Damien Atkins (Guildenstern) and Shane Carty (Rosencrantz) will make their
Touchmark debuts. Mr. Carty played prominent or leading roles in three recent Stratford
seasons (the King in Love's Labour's Lost and Ivan in The Brothers Karamazov
among them) and is a graduate of Stratford's Birmingham Conservatory. Mr. Atkins'
recent credits include Frost/Nixon for CanStage; The Way of the World, The
Caretaker, King Lear and The Importance of Being Earnest for Soulpepper.
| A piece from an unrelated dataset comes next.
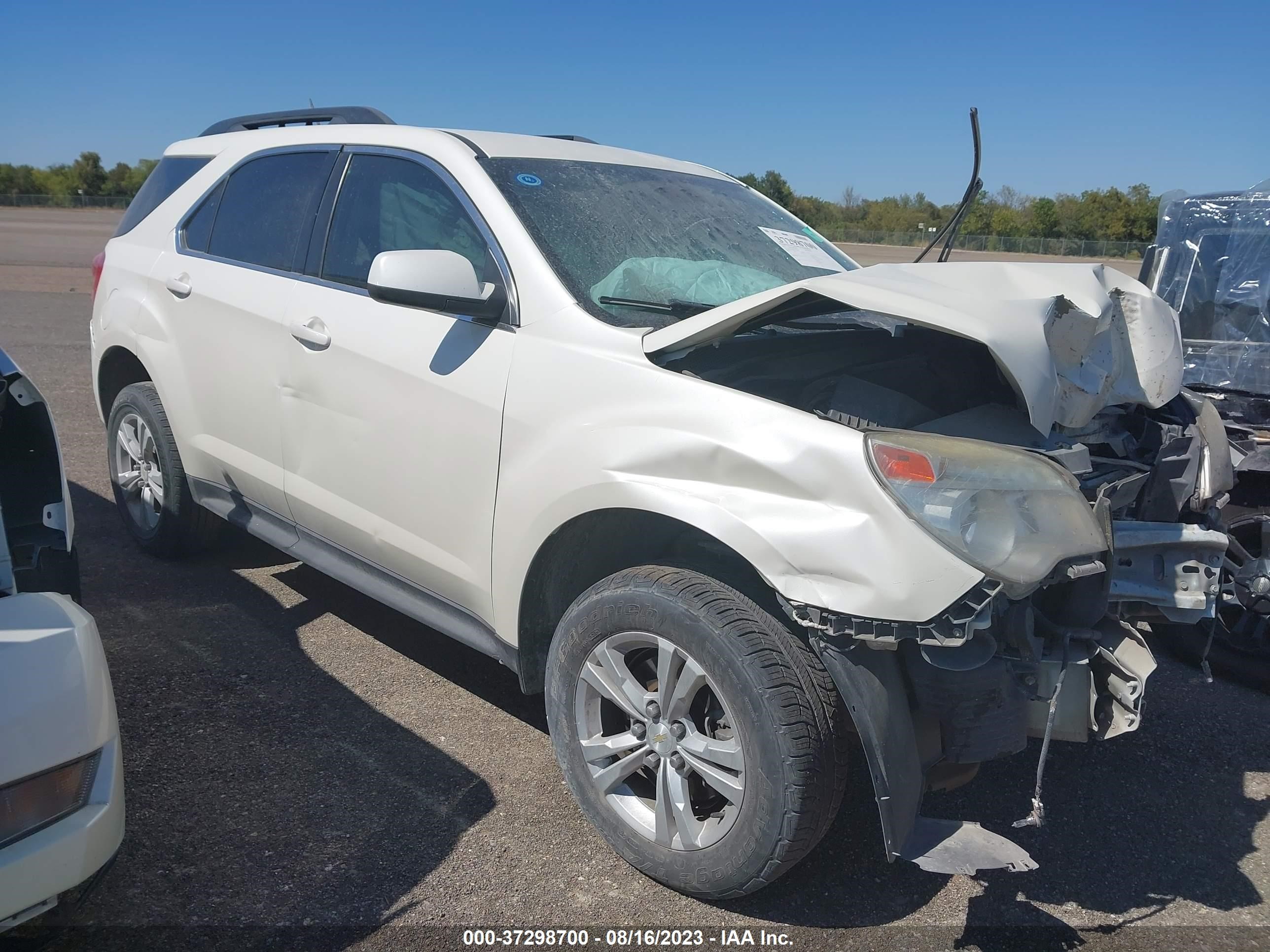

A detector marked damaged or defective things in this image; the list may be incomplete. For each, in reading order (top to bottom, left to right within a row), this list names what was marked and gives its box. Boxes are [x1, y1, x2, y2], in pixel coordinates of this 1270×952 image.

He also
played the creator of the hit musical in season three of the popular TV series Slings and
Arrows.
Alison Deon (Ophelia), Michèle Kaye (Alfred), David Mackett (Player King), Patric
Masurkevitch (Polonius), Andrew Sabiston (Claudius) and Lara Rose Tansey (Gertrude)
round out the cast.
Playwright
Journalist, novelist and drama critic Tom Stoppard (b. 1937) was thirty years old when his
debut play Rosencrantz and Guildenstern are Dead took London's theatre scene by storm
in 1967. Ronald Bryden, influential critic for the Observer, greeted the play as "the
most brilliant debut by a young playwright since John Arden's... punning, far-fetched,
leaping from depth to dizziness". Its Broadway opening later the same year met with
similarly enthusiastic plaudits and won the 1968 Tony Award for Best Play. With his name
established Stoppard went on to become one of the most consistently successful and praised
playwrights of the last forty years, winning no fewer than seven Best New Play awards between
1967 and 1997. His other titles include The Real Inspector Hound (1968), Jumpers
(1972), Travesties (1974), The Real Thing (1982), Arcadia (1993), and
The Invention of Love (1997).
Director's Note
Suppose your life is as a minor character in a play. The author has given you the
sketchiest of "back stories", a personality and rapport with another character. Having
invented you, he is about to "bring you on". How will you act? Can you believe what other
characters tell you about yourself? Presumably you have a purpose; how will you know what
it is? Should you limit yourself to following instructions or be spontaneous and pursue your
own bent?
Rosencrantz and Guldenstern are trapped in the tragic universe of Shakespeare's
Hamlet (c. 1600), just as the comic tramps Gogo and Didi are trapped in the absurd and
impenetrable universe of Beckett's Waiting for Godot (1952). They are "caught up" in
Shakespeare's action. What will become of them? How will it end? And, finally, will there
be an explanation?
Reviews
Seven of us attended your wonderful production of Rosencrantz and Guildenstern are Dead
on Sunday and three hours later we were still talking about it. Everything - acting, text, set,
costume, movement - was point on. Thank you for lifting Guelph's artistic sights to a higher
plane.
Nancy Coates, Guelph
The level of quality of Touchmark productions has always rivalled the best of Stratford, the
Shaw Festival or Soulpepper, but this year's production generates that perfect sense of rapport
among the main actors that shifts the whole work to an even higher plane.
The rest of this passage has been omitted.